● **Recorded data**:
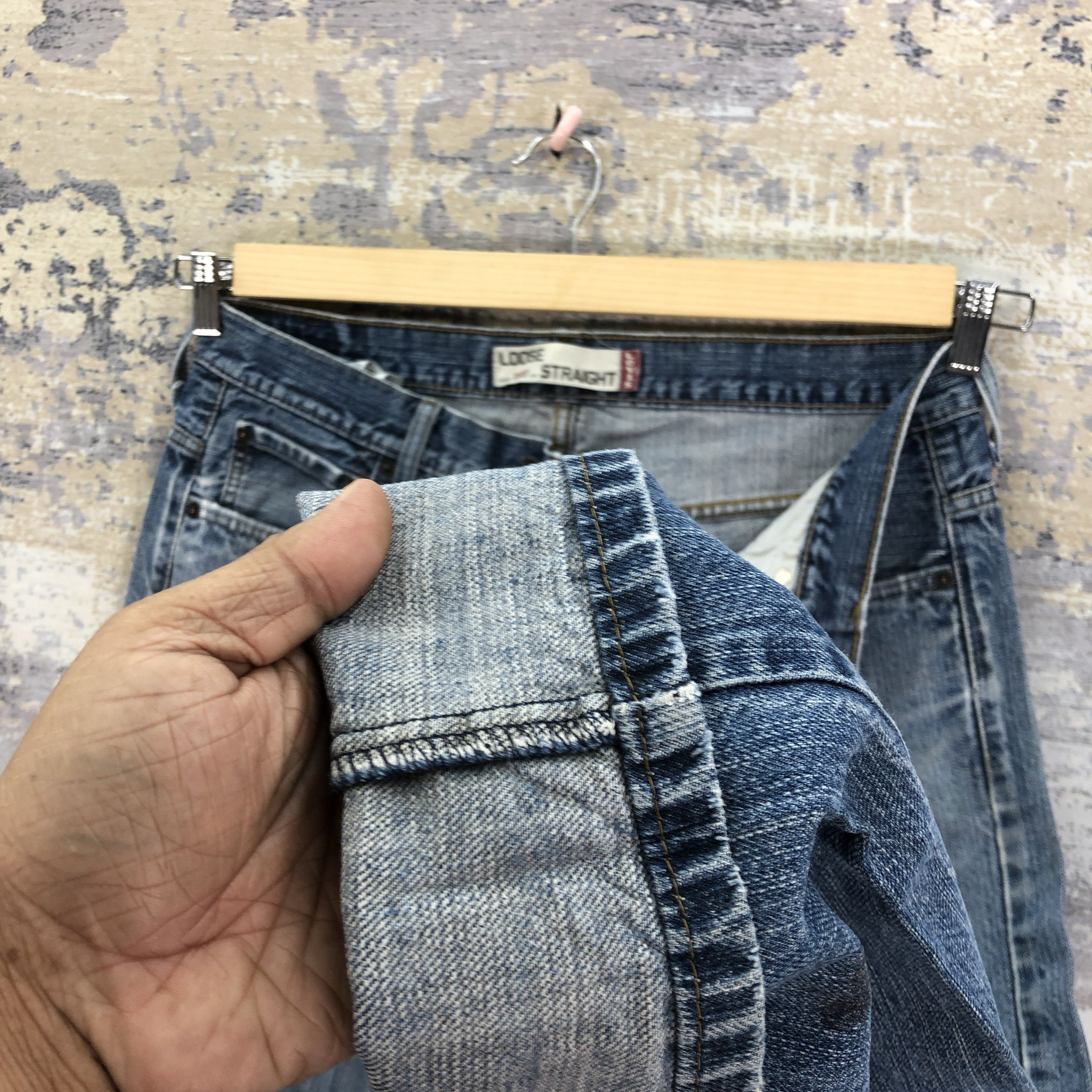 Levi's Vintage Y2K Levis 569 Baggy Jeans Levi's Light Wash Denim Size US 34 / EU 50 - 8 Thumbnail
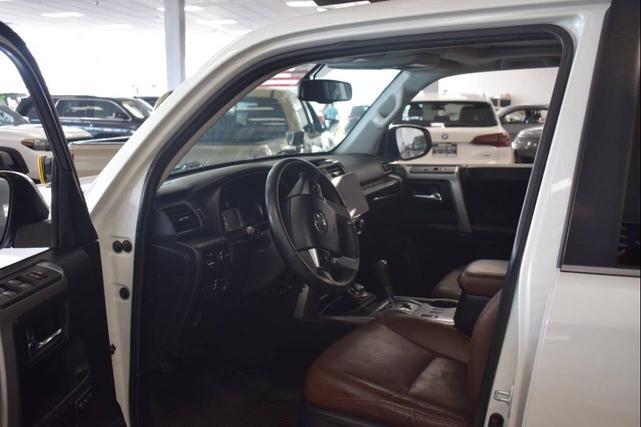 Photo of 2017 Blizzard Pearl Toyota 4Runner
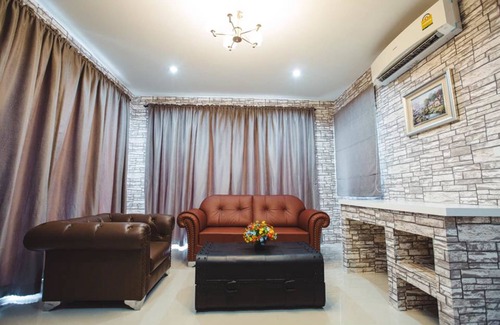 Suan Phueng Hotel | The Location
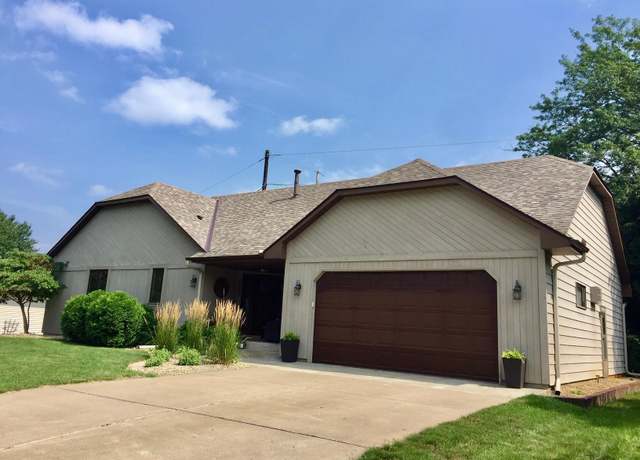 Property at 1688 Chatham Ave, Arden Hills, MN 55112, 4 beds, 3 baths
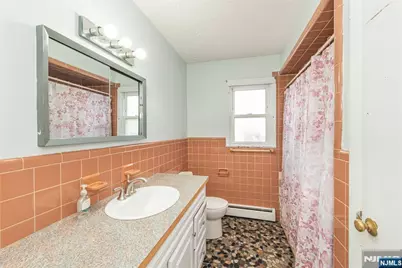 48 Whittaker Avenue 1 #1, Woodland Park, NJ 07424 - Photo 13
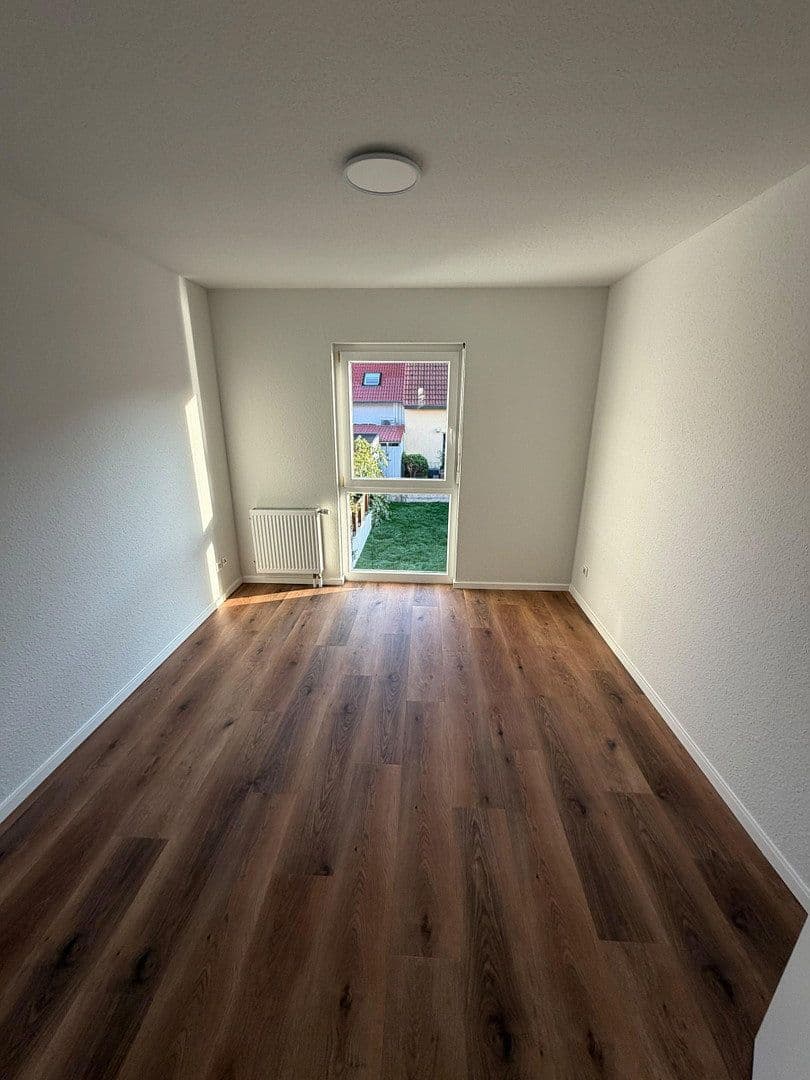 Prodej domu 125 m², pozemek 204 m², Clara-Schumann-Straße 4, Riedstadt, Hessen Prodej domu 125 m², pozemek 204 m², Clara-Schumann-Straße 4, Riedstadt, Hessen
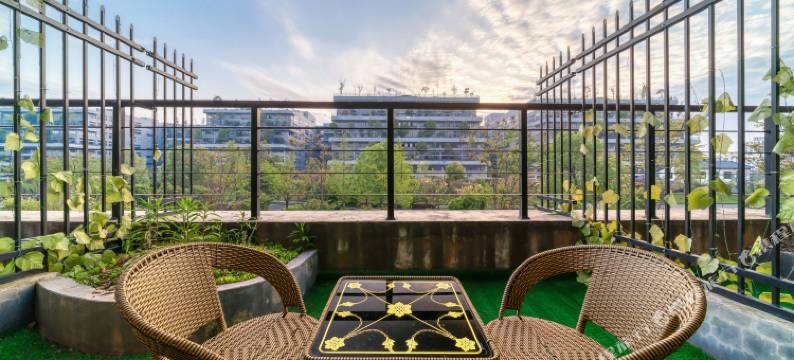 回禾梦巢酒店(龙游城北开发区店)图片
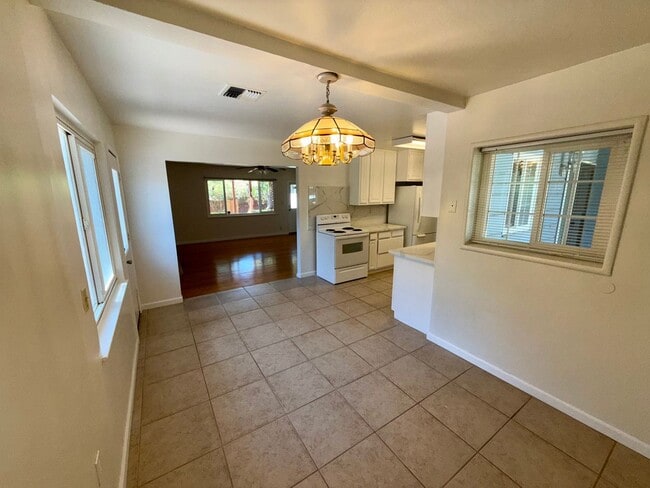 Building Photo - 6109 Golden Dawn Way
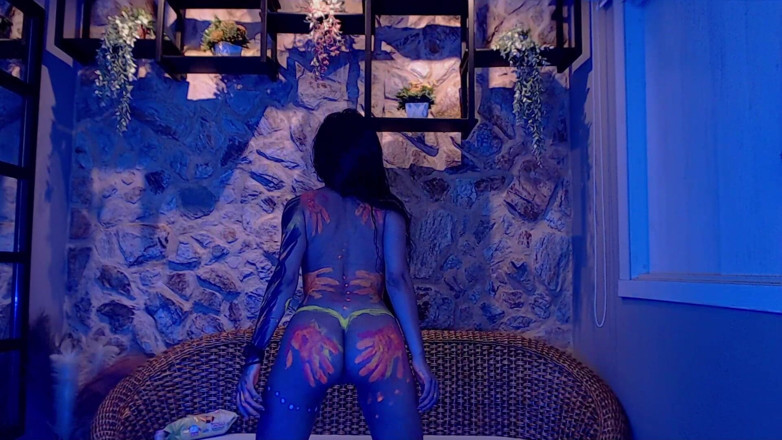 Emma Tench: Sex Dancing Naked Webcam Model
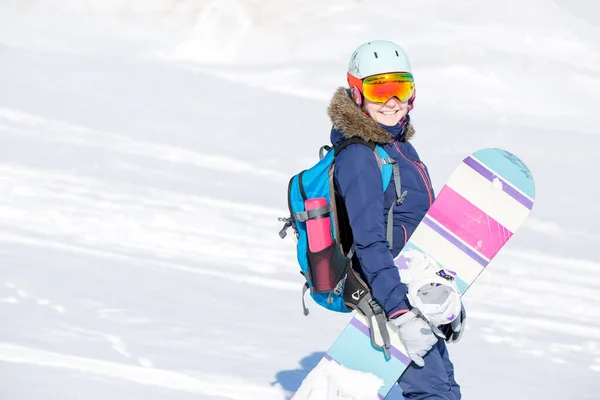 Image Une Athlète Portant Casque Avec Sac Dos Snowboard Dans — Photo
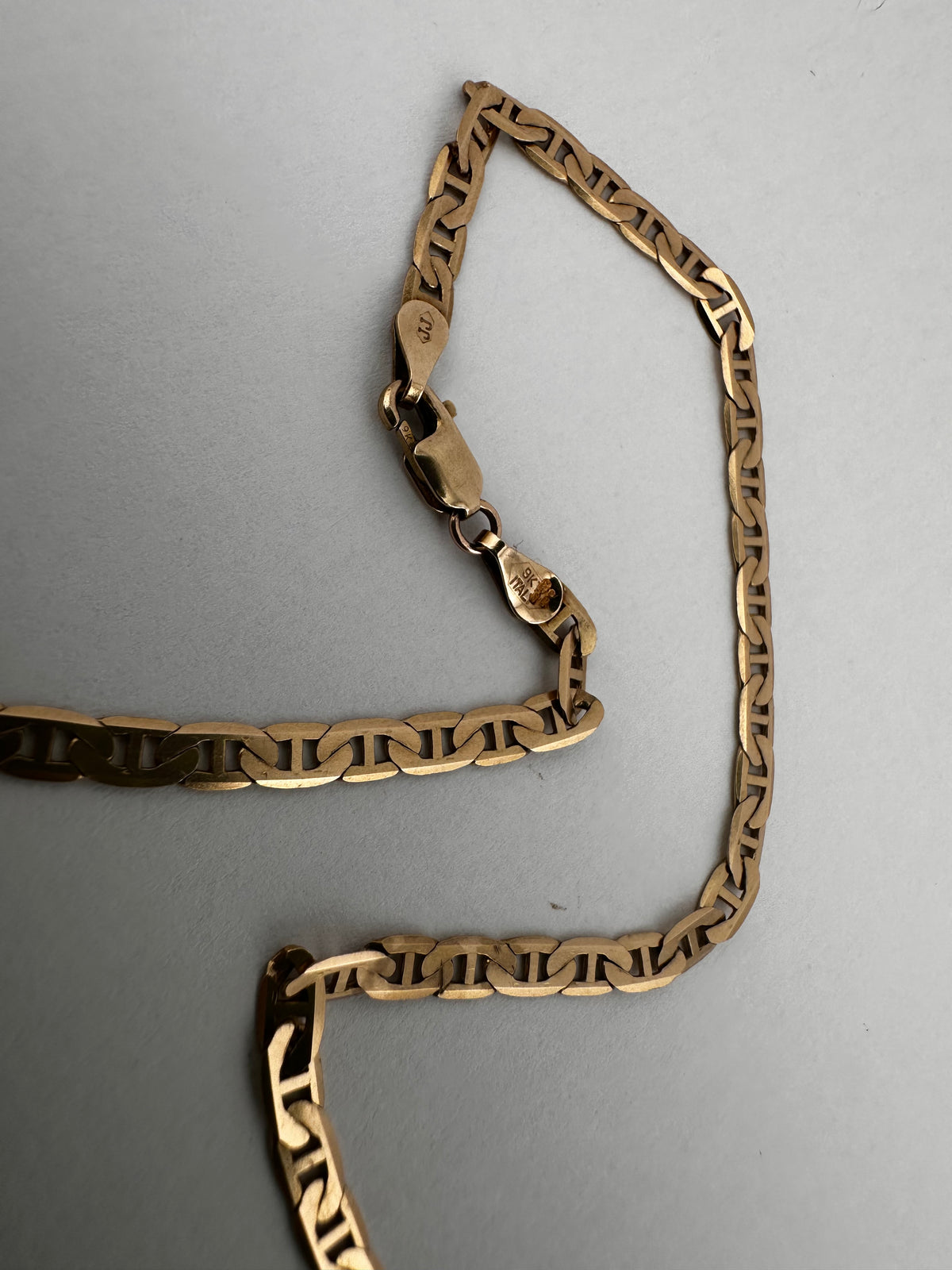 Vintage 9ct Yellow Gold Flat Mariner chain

● **Assigned task**:
Write out again, exactly, each line from the one containing "Suan Phueng Hotel | The Location" through the last line of the entries, and omit every picture.

● **The completed task**:
 Suan Phueng Hotel | The Location
 Property at 1688 Chatham Ave, Arden Hills, MN 55112, 4 beds, 3 baths
 48 Whittaker Avenue 1 #1, Woodland Park, NJ 07424 - Photo 13
 Prodej domu 125 m², pozemek 204 m², Clara-Schumann-Straße 4, Riedstadt, Hessen Prodej domu 125 m², pozemek 204 m², Clara-Schumann-Straße 4, Riedstadt, Hessen
 回禾梦巢酒店(龙游城北开发区店)图片
 Building Photo - 6109 Golden Dawn Way
 Emma Tench: Sex Dancing Naked Webcam Model
 Image Une Athlète Portant Casque Avec Sac Dos Snowboard Dans — Photo
 Vintage 9ct Yellow Gold Flat Mariner chain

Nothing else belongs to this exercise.